Bond, who turned professional 30 years ago and was World Championship runner-up in 1995, stunned the world number one in round three.
The 54-year-old opened up a 5-3 lead, and then held his nerve in frame nine after a long duel on the final pink, before potting it and ending his fellow Englishman Trump’s title hopes.
— World Snooker (@WorldSnooker) December 2, 2019
Bond is ranked 97 places below Trump, but Bond, whose solitary career ranking title so far was the 1996 British Open, found inspired form to cause one of snooker’s biggest upsets in recent years.
He trailed 3-1, only to reel off five successive frames highlighted by breaks of 114 and 85.
“He’s the man of the moment.

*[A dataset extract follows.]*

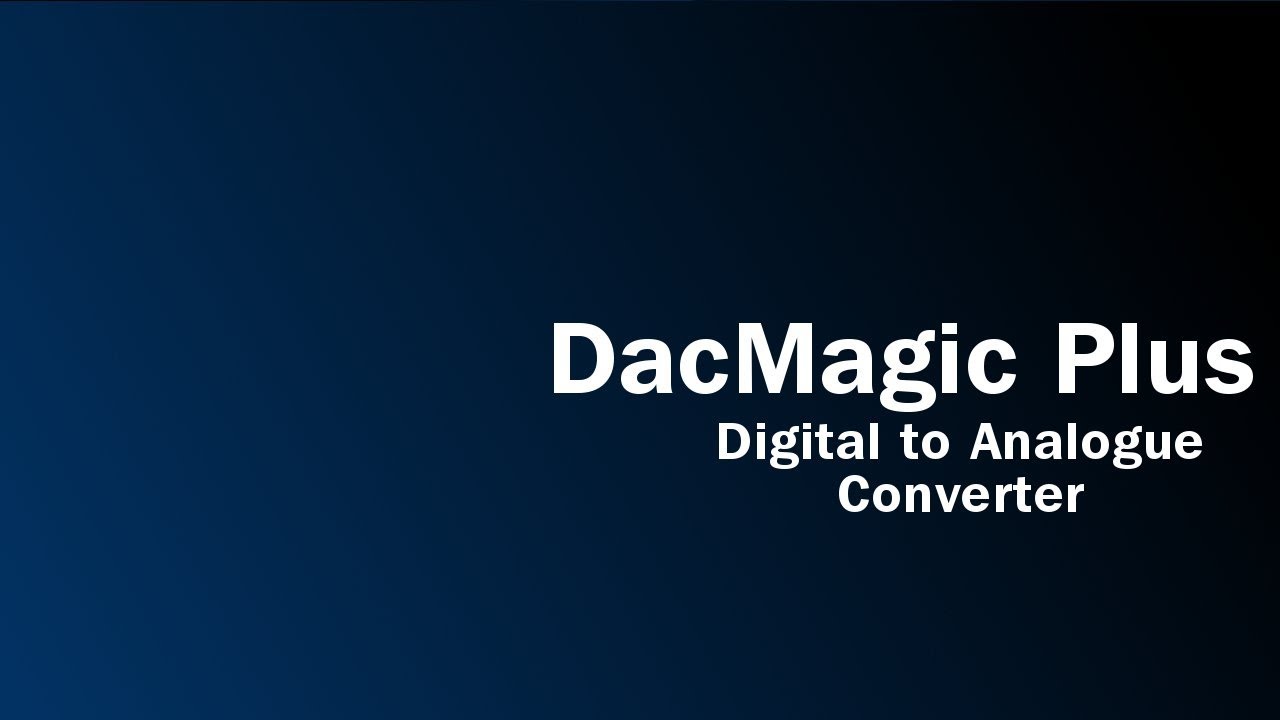 DacMagic Plus Digital to Analogue converter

I’m 54. What am I doing?” Bond told BBC Sport.
“Once I settled, I played some good stuff out there. It’s unbelievable.
“Judd missed one or two, which helped, but I was just trying to show people I can still play. When I am feeling good, my game is still there.”

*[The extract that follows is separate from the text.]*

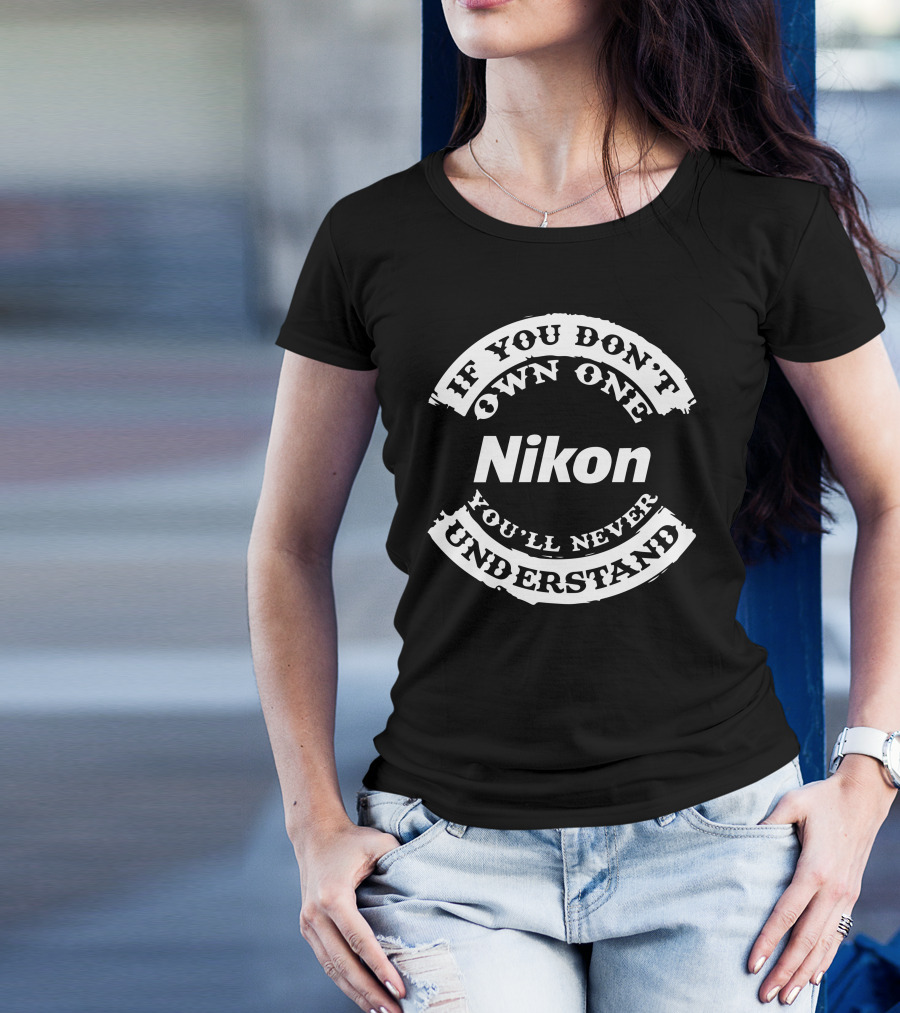 If You Don't Own One Nikon You'll Never Understand T-Shirt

Trump, meanwhile, added: “Anything can happen in snooker. He used his experiences, and he scored heavily as well.
“I didn’t do a lot wrong. It wasn’t like I was getting in and missing.

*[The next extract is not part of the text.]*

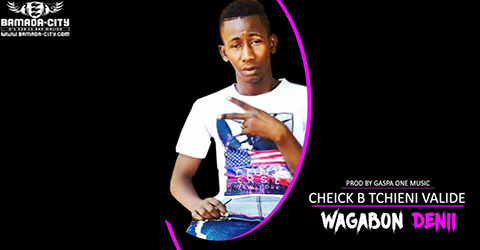 CHEICK B TCHIENI VALIDE - WAGABON DENII (SON)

“The pace of the game was very slow and hard for me to get a rhythm. Everyone’s human. You can never get too excited or too down.”
Former world champion Neil Robertson was given a fright by Mark King before booking his place in round four.
The dogged King levelled the match from 2-0 down and stayed on Robertson’s heels before he lost a tight tenth frame and the match 6-4.
But 2015 world champion Stuart Bingham cruised into the last-16 with a 6-1 victory over China’s Zhao Xintong.
Basildon-based Bingham never looked back after posting a 127 break in the opening frame, and three more half-centuries eased him past an opponent who could manage a highest break of just 60.
And China’s Li Hang also progressed, beating Marco Fu 6-4 in a high-quality encounter that was highlighted by the winner hitting breaks of 131 in successive frames, while Fu also posted two centuries.
Monday’s third round evening session followed the form guide.
Northern Ireland’s Mark Allen was far too strong for an out-of-sorts Ben Woollaston, beating him 6-1.
Former world champion John Higgins and his opponent Ian Burns are separated by 96 places in the world rankings, and it showed as Higgins cruised home 6-1, helped by breaks of 124, 96 and 88.
Welshman Matthew Stevens was also in convincing form, brushing aside Anthony Hamilton 6-2, and Kurt Maflin ended Alan McManus’ hopes by beating the Scotsman 6-2.